When the charger is on constantly a chemical action is taking place that reacts with the lead plates and sheds lead from them. I dry camp 95% of the time so my 2 6v Sam's Club batteries only get charged after a week of camping. They were purchased in 2007 and still good. My first set of Trojans only lasted 4 years under constant charge, which seems to be typical. Battery maintenance is more than just keeping your batteries plugged in 24/7. I realize most batteries die from sulfation so a battery maintainer prevents an early death, but I thing equalizing and desulfating every so often is better for battery life.

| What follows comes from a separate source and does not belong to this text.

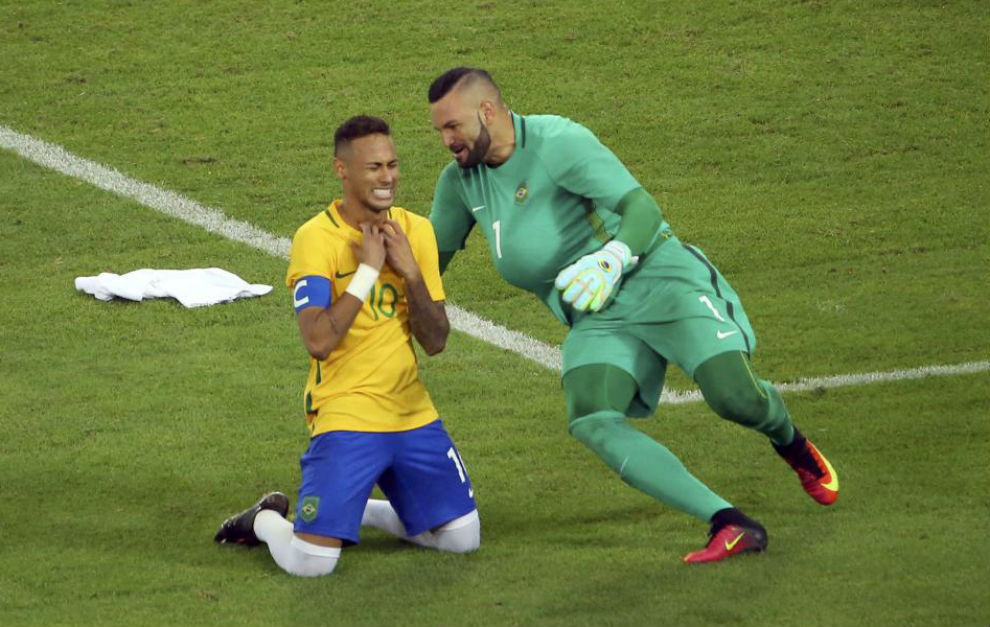 Neymar y Weverton, los dos hroes de la tanda de penalti, celebran el...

That is why you change out the rv's cheep charger for a quality one that does the same things. if you leave the factory charger section in there you will kill batteries quick, if you change it out for a good one then you end up like me making a set of 4 GC batteries last for 16 years while doing heavy camping and using microwaves, furnace, electric coffee pot and so on on the inverter quite a bit. if all I was using was lights and the rv furnace I probably would have been able to sneak 20 years out of them..... all I used to do with thoes was check the water twice a year and plug it in as soon as I got home.